Félix Cortés Camarillo - Canción de Reyes
Me costó un gran trabajo embaucar a mis cinco hijos con el mito de San Nicolás unos, y Santaclós los restantes, simplemente porque no tuve tiempo de que mis padres me engañaran con él. Mucho menos con el cuento de los que ni eran magos ni eran reyes del lejano oriente, sino astrólogos y adivinos de la Persia cercana, que llegaron a ver si las profecías se habían cumplido en Belén luego de haber ido de rajones con Herodes para que armara su matanza legendaria.
Resulta que Don Ricardo, mi padre, era un agnóstico espontáneo, y que yo recuerde fue a misa cuando doña Guadalupe le convenció de que se casaran por la iglesia, ya en ambos peinando canas. Luego fueron los dos a las bodas de algunas hijas e hijos. Por el otro lado, mi padre quería que sus hijos aprendiéramos que los bienes materiales de la existencia se ganan con iniciativa y con trabajo. De esta suerte, con su incentivo y enseñanza, y un crédito de su entonces jefe, los días de vacaciones decembrinas de primaria y secundaria yo los pasé atendiendo el endeble puesto de mi propiedad en la anual feria del juguete, que en mi pueblo se ponía entonces en la única calle de la Corregidora.
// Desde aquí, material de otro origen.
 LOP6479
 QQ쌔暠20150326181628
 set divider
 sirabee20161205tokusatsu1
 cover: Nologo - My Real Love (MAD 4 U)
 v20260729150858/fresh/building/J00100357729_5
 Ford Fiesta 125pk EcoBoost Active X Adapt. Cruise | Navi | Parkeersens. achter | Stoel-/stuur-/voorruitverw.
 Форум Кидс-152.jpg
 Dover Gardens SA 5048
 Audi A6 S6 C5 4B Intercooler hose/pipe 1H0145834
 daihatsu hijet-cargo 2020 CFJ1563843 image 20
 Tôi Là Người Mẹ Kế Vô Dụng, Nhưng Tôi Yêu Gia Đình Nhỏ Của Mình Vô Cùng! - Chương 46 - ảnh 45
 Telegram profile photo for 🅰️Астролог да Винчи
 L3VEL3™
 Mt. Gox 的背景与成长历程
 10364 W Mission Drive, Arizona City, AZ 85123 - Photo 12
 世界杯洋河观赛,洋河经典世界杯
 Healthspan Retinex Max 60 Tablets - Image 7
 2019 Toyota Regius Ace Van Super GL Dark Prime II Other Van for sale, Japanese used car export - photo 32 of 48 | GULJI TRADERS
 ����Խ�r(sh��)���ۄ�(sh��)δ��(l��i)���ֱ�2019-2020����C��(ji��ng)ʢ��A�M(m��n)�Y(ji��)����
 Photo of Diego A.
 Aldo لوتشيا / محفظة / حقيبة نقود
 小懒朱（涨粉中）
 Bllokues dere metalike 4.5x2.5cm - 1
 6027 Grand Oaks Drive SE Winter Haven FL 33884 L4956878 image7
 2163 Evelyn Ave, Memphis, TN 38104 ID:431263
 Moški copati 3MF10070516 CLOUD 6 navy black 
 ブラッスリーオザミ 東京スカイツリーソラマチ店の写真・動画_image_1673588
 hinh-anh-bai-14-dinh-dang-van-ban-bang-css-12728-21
Por eso cuando escribo del comercio informal, el de los puestos callejeros, no hablo de oídas. Yo me gané muy buenos pesos vendiendo y regateando el precio de muñecas y carritos, pistolas y pelotas, con los furtivos santacloses y los reyes magos que por la noche iban a colocar sigilosamente los regalos. Todo en cash, como diría Zedillo, sin facturas y sin impuestos. Y sin mentiras.
A propósito de los Reyes Magos, al cabo de mucho tiempo he aprendido que uno se refugia creyendo en los mitos, cuando la realidad ya no le ofrece otra salida. Los primeros hombres inventaron a los primeros dioses cuando no tenían una explicación para los fenómenos naturales. Así surgió Zeus para justificar al rayo, Ceres para explicar la agricultura o Mercurio, el de los pies alados, para comprender el comercio.
Hoy no me queda más remedio que acudir a los Reyes Magos con mi carta de buenos deseos. Porque sé que los que deben cumplir estos deseos no me van a hacer caso. Adelanto la carta unos días por varias razones. Primero, la entrada del año nuevo nos obliga a desear nuevas realidades. Segundo, este periódico cerró su edición del día primero antes de tiempo, para que los compañeros de talleres pudieran ir a celebrar el fin de año con los suyos. Tercero, porque a esta temprana hora no se me ocurre otro tema. Sale pues:
Queridos Reyes Magos:
Quiero pedirles que este año en mi casa el presupuesto de ingresos pueda cubrir las necesidades de los egresos. Ustedes dicen que la inflación será de tres por ciento, y en esa proporción nos aumentaron de sopetón el precio de la gasolina, a reserva de mejorar. Sin tener la profesión de ustedes adivino que nos va a ir de la fregada.
Quiero que me traigan un país en paz, donde se pueda salir a la calle sin temores. Si es necesario que le aconsejen al Herodes en turno que haga uso de la fuerza para contener a los malandrines, o sea: ya lo hicieron más de una vez. Quiero que en el reparto de los bienes materiales sean un poco más justos. Actualmente, consta en actas, a unos les dan el oro, a otros el incienso y a muchos nos toca pura mirra. La mirra, ya se sabe, es una resina aromática de propiedades narcóticas y anestésicas que se usaba en la antigüedad para embalsamar a los muertos; en el imperio romano se daba a beber a los moribundos y condenados a muerte mezclada con vino. Bueno, eso dice Wikipedia, que es el oráculo de nuestro tiempo.
Ya entrado en generosidades, no pido para mí sino para mi gente. Que ellos tengan acceso a la salud, a la escuela y al trabajo. Lo que mi padre me dio, cuando debió haberme estado engañando con el cuento de los Reyes Magos.